[Crawled caption data]
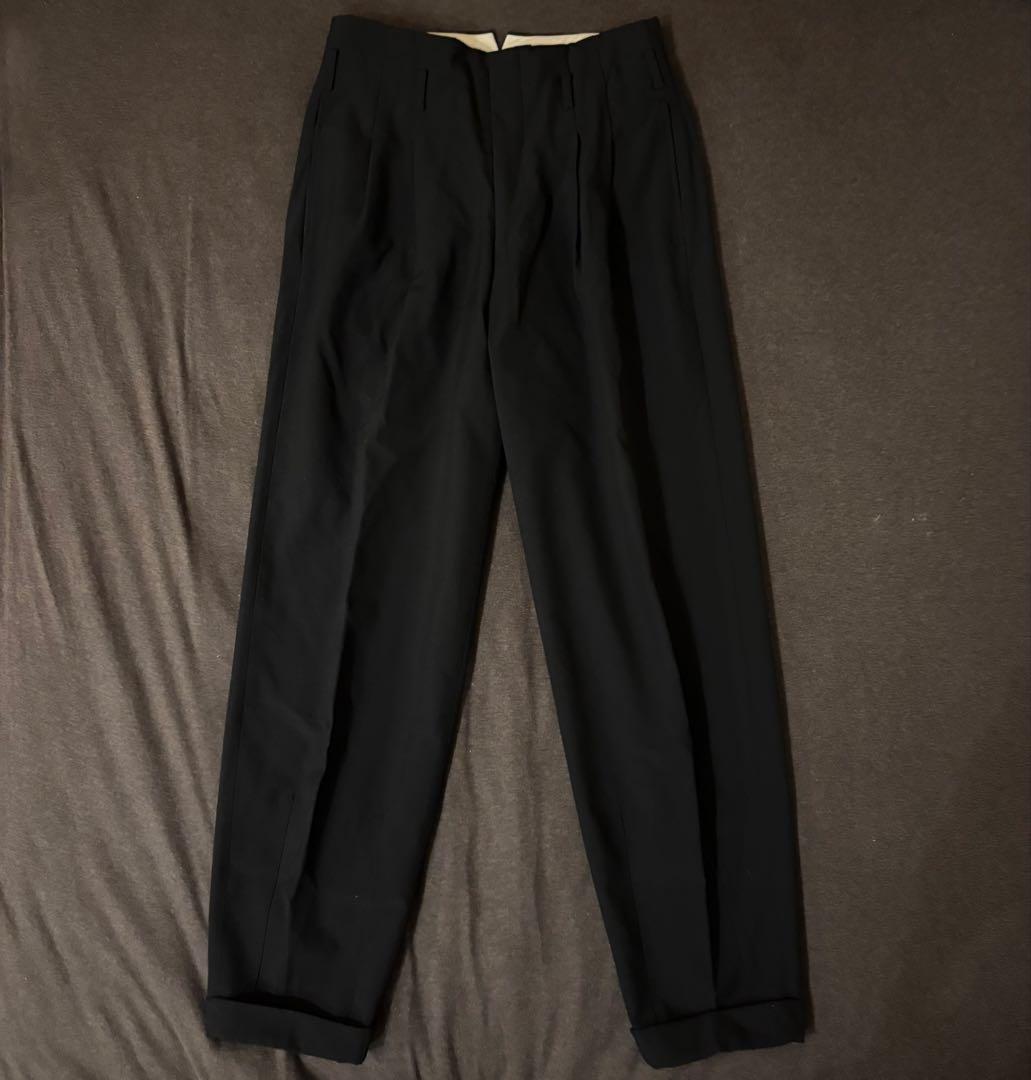 コムデギャルソンオムプリュス　ワイドスラックス　06AW Badboy期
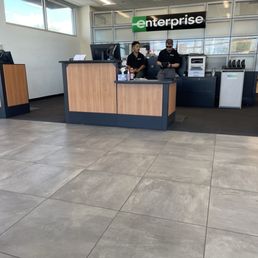 Front counter area Front counter area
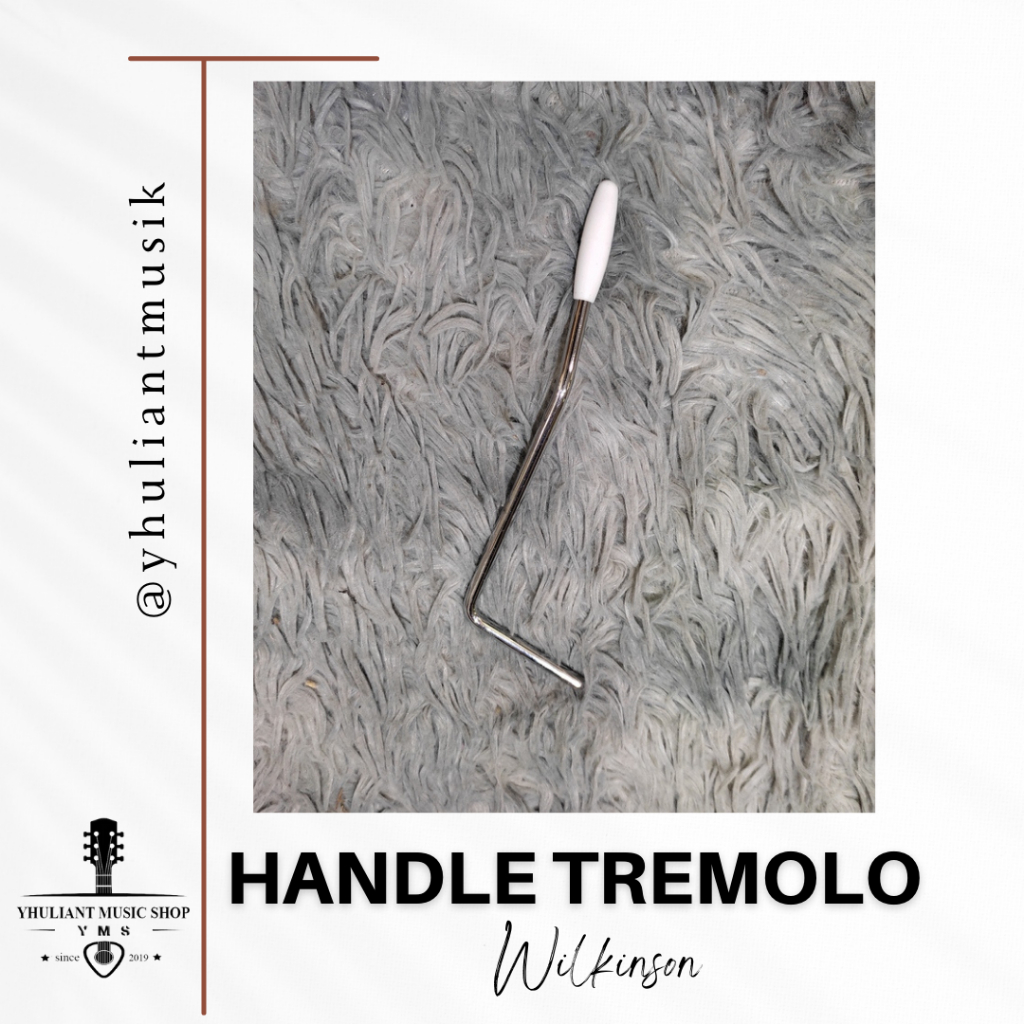 handle Tremolo Wilkinson Tanpa Ulir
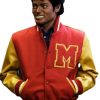 michael jackson thriller varsity jacket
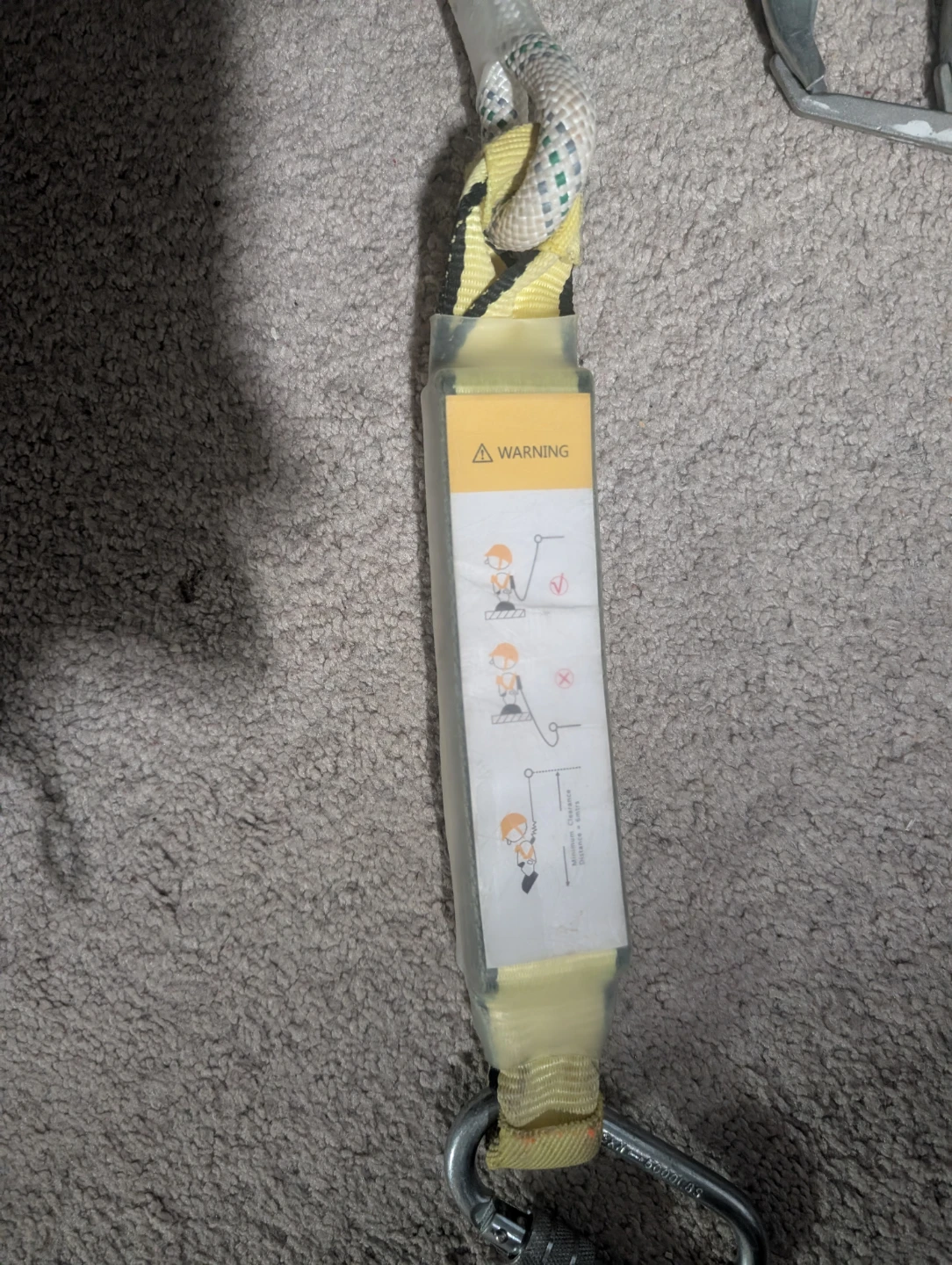 JOHNA Full Body Harness with Energy Absorber - photo 5
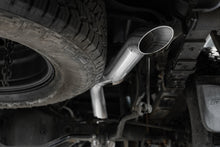 画像をギャラリービューアに読み込む, MBRP 22-23 Nissan Frontier 3.8L 3in Tip 3in Cat Back Turndown Exit Street Profile - T304
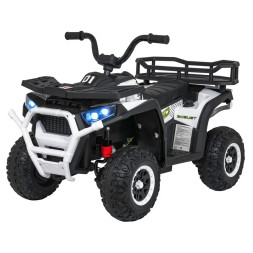 Детский электромобиль квадроцикл X-Robust (белый, 24V, 4WD, пульт, EVA) - XMX651-24V-4WD-WHITE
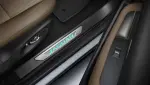 J9C30263PVJ - : Sill Treadplates Kit - Illuminated - Ebony for Jaguar Image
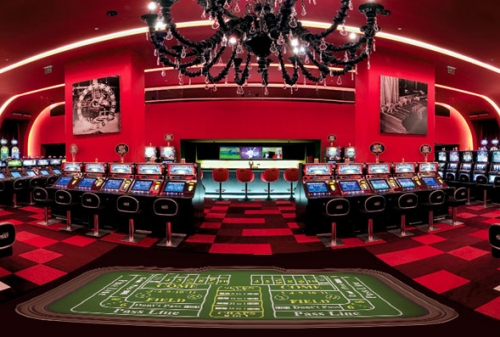 Flooring Decor for Casinos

PROBLEM DETAILS
Take the records above from their first line through the line with "画像をギャラリービューアに読み込む, MBRP 22-23" and set those lines down word for word, minus the pictures.

OUTPUT OF THE TASK
 コムデギャルソンオムプリュス　ワイドスラックス　06AW Badboy期
 Front counter area Front counter area
 handle Tremolo Wilkinson Tanpa Ulir
 michael jackson thriller varsity jacket
 JOHNA Full Body Harness with Energy Absorber - photo 5
 画像をギャラリービューアに読み込む, MBRP 22-23 Nissan Frontier 3.8L 3in Tip 3in Cat Back Turndown Exit Street Profile - T304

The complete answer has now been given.